Your answer should consist of the lines in the following data that contain "Free".

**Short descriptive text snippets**
Segment Open
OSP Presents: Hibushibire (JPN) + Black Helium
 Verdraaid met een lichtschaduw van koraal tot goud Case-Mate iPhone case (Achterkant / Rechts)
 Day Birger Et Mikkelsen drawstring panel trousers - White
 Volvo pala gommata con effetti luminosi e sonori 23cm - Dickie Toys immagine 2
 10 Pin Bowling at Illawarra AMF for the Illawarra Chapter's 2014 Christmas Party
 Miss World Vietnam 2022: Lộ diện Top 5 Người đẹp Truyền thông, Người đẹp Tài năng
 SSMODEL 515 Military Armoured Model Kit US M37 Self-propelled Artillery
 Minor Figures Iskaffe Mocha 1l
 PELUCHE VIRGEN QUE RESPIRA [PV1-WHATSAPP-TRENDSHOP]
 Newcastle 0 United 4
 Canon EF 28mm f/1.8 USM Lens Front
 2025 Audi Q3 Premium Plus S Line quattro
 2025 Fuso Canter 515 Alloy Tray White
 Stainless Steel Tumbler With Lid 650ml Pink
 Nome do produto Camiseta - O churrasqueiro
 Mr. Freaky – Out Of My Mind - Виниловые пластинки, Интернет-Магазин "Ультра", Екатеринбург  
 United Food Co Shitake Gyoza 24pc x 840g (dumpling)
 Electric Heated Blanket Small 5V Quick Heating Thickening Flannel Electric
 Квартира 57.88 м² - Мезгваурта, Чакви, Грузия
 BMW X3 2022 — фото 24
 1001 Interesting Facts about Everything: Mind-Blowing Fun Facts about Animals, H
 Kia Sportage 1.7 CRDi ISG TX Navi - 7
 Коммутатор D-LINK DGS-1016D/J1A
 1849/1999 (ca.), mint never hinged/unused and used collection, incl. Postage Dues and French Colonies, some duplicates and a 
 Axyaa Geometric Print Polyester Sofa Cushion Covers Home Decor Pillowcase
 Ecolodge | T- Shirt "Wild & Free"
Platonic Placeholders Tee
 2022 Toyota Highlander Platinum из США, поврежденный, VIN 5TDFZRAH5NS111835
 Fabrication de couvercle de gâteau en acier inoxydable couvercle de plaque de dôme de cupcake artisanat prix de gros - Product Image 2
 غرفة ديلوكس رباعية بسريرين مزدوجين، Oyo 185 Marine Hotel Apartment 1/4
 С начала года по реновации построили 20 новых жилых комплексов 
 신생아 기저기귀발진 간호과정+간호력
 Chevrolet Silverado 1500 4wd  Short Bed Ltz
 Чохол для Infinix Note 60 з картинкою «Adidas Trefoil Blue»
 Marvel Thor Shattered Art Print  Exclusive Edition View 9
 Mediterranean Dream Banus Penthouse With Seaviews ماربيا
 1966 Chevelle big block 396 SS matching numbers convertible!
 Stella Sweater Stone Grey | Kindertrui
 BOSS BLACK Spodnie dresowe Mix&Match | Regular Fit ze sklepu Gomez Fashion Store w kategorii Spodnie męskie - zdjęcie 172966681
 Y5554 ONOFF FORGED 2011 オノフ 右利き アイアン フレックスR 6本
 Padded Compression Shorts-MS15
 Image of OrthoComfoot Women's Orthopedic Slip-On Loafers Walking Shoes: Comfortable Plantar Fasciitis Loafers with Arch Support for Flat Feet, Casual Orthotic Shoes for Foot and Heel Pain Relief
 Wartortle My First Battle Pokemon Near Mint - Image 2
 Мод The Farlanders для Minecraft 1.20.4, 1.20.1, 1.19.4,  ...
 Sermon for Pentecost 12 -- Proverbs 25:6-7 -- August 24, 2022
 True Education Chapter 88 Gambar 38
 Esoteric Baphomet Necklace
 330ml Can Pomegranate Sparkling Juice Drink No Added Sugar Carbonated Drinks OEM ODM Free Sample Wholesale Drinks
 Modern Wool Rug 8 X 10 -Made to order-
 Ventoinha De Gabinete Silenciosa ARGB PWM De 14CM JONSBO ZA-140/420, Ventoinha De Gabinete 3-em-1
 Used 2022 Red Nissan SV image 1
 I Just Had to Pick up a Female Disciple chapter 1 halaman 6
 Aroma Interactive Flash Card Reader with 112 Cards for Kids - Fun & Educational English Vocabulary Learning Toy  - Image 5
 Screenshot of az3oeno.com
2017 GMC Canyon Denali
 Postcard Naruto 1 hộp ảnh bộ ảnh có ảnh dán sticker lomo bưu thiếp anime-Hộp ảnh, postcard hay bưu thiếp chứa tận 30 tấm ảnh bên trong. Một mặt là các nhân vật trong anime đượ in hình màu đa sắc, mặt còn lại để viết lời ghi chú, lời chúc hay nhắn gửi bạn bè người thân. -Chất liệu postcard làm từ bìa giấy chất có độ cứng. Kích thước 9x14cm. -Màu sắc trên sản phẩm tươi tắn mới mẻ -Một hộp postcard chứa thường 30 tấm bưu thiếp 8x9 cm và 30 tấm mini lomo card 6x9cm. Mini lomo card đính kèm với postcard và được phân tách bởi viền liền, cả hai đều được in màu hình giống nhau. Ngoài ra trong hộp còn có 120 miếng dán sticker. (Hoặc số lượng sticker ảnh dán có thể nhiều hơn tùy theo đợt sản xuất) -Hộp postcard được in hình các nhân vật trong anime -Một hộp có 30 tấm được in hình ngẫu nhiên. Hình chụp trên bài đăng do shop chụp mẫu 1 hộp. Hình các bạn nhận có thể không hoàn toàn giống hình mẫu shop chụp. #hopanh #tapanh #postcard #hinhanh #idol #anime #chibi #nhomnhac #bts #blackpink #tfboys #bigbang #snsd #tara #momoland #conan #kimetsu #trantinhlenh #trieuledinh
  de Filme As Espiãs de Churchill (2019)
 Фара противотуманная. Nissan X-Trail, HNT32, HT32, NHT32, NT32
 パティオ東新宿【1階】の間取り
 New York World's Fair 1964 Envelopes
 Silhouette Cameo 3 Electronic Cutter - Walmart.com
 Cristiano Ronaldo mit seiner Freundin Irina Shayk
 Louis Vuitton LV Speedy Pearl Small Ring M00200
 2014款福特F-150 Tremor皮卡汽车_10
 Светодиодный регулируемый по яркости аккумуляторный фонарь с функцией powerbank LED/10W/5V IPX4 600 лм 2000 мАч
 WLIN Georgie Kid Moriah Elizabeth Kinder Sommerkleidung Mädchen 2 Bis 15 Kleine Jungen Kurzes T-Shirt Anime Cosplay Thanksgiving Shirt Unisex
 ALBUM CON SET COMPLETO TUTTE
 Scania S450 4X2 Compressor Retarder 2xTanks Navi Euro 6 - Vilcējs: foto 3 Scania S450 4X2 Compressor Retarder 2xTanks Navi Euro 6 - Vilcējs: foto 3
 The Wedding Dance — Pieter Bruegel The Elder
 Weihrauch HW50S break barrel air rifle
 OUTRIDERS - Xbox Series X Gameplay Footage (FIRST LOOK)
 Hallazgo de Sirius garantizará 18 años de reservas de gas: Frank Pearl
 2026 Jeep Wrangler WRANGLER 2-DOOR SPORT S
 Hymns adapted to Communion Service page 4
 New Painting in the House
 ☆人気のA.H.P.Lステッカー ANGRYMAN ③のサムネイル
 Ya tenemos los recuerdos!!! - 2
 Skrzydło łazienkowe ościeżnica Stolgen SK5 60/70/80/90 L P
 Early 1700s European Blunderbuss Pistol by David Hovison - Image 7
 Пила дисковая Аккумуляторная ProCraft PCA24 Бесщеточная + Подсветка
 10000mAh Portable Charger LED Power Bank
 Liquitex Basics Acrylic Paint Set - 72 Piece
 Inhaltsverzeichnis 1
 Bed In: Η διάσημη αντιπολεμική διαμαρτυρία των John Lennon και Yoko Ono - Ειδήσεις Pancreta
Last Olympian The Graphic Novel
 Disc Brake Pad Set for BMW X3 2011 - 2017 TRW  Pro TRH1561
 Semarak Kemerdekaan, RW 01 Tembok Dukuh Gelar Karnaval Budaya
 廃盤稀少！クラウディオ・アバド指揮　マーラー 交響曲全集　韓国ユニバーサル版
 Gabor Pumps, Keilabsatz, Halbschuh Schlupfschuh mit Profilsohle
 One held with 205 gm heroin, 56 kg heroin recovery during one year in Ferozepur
Segment Closed
**Written response**
 Ecolodge | T- Shirt "Wild & Free"
 330ml Can Pomegranate Sparkling Juice Drink No Added Sugar Carbonated Drinks OEM ODM Free Sample Wholesale Drinks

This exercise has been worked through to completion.